Short web captions
****************
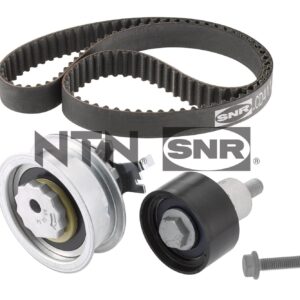 Kits de distribution - KD457.75 - SNR - Compatible avec véhicule Volkswagen, Skoda, Seat, Audi, Cupra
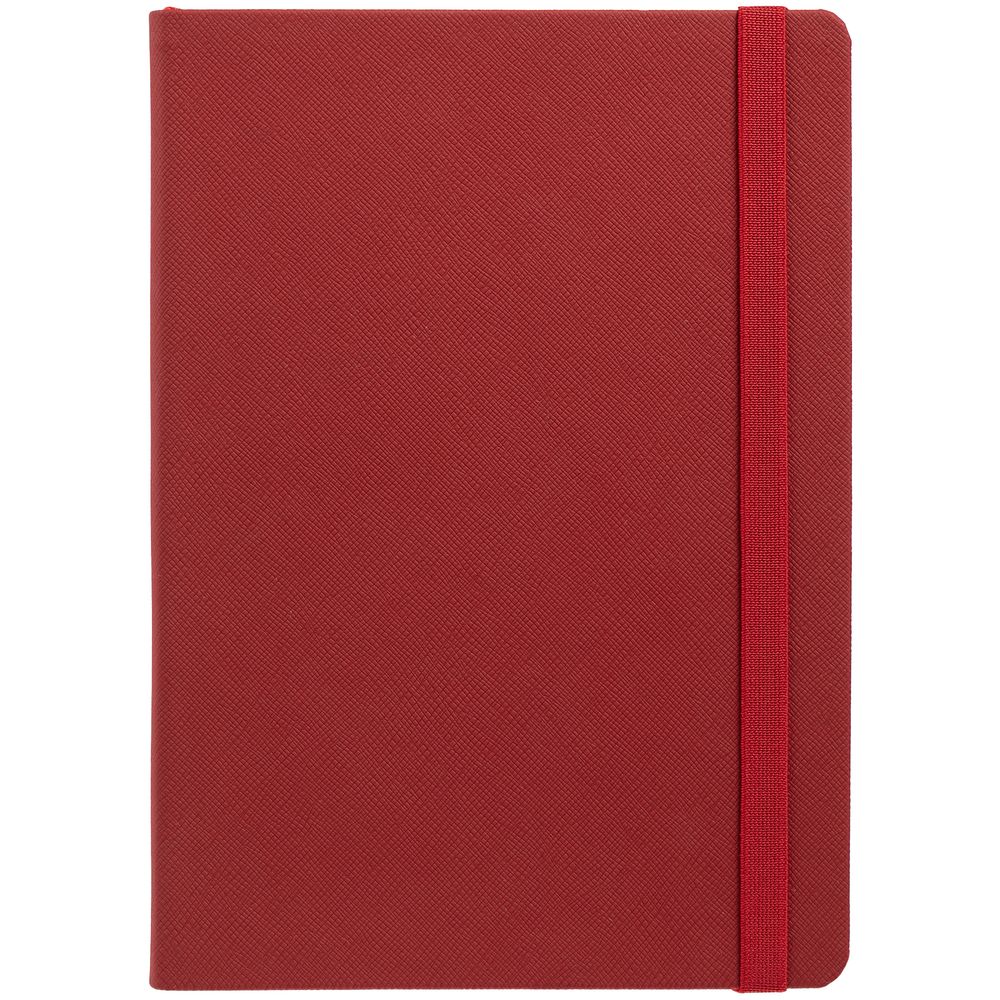Ежедневник Must, датированный, красный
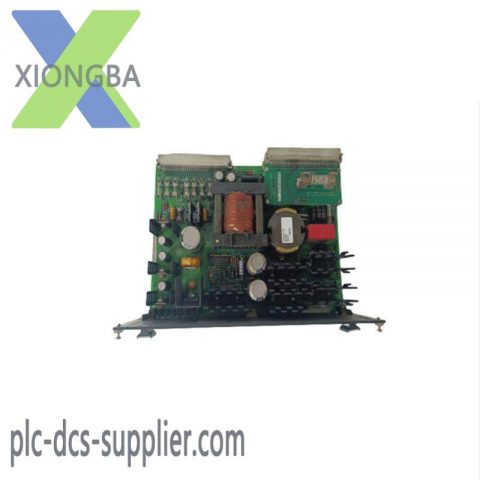 GE IS200ECTBG2ADE: Advanced Power Module for Industrial Control Systems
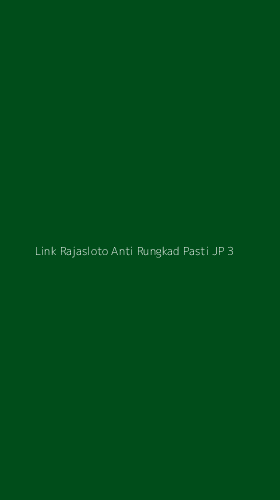 Tampilan Antarmuka Aplikasi Link Rajasloto Anti Rungkad Pasti Jp - 3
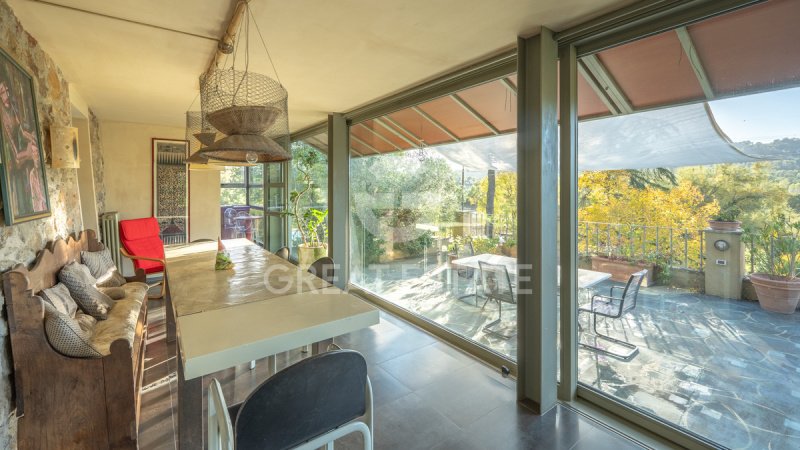 Отдельно стоящий дом в Манчано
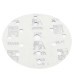 Абразивний круг MIRKA G.SILVER, Р1500 / D150мм 15отв.(50шт)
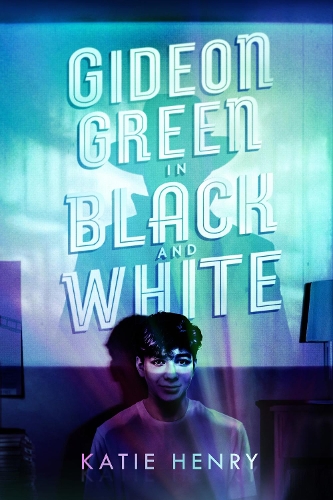 Паперова книга «Gideon Green in Black and White», автор Кеті Генрі - фото №1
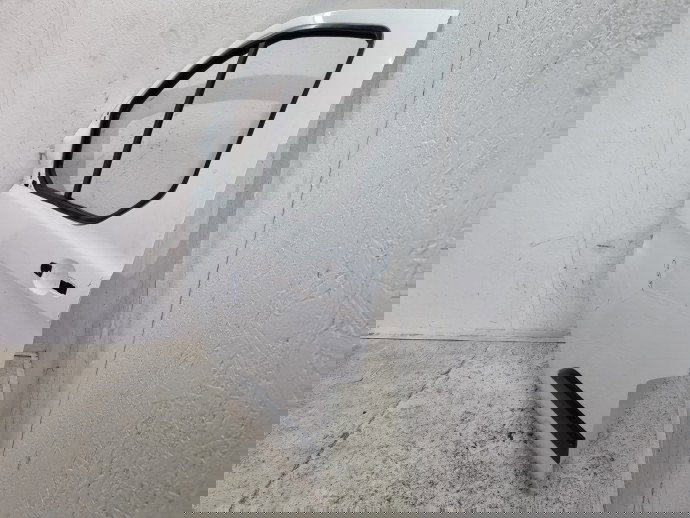 Usa stanga fata Ford Transit Custom (TTF) [Fabr 2012-2016] Frozen White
****************
PROBLEM
Set down the entries shown above once more, exactly as they read, but without pictures.

ANSWER TO THE PROBLEM
 Kits de distribution - KD457.75 - SNR - Compatible avec véhicule Volkswagen, Skoda, Seat, Audi, Cupra
Ежедневник Must, датированный, красный
 GE IS200ECTBG2ADE: Advanced Power Module for Industrial Control Systems
 Tampilan Antarmuka Aplikasi Link Rajasloto Anti Rungkad Pasti Jp - 3
 Отдельно стоящий дом в Манчано
 Абразивний круг MIRKA G.SILVER, Р1500 / D150мм 15отв.(50шт)
 Паперова книга «Gideon Green in Black and White», автор Кеті Генрі - фото №1
 Usa stanga fata Ford Transit Custom (TTF) [Fabr 2012-2016] Frozen White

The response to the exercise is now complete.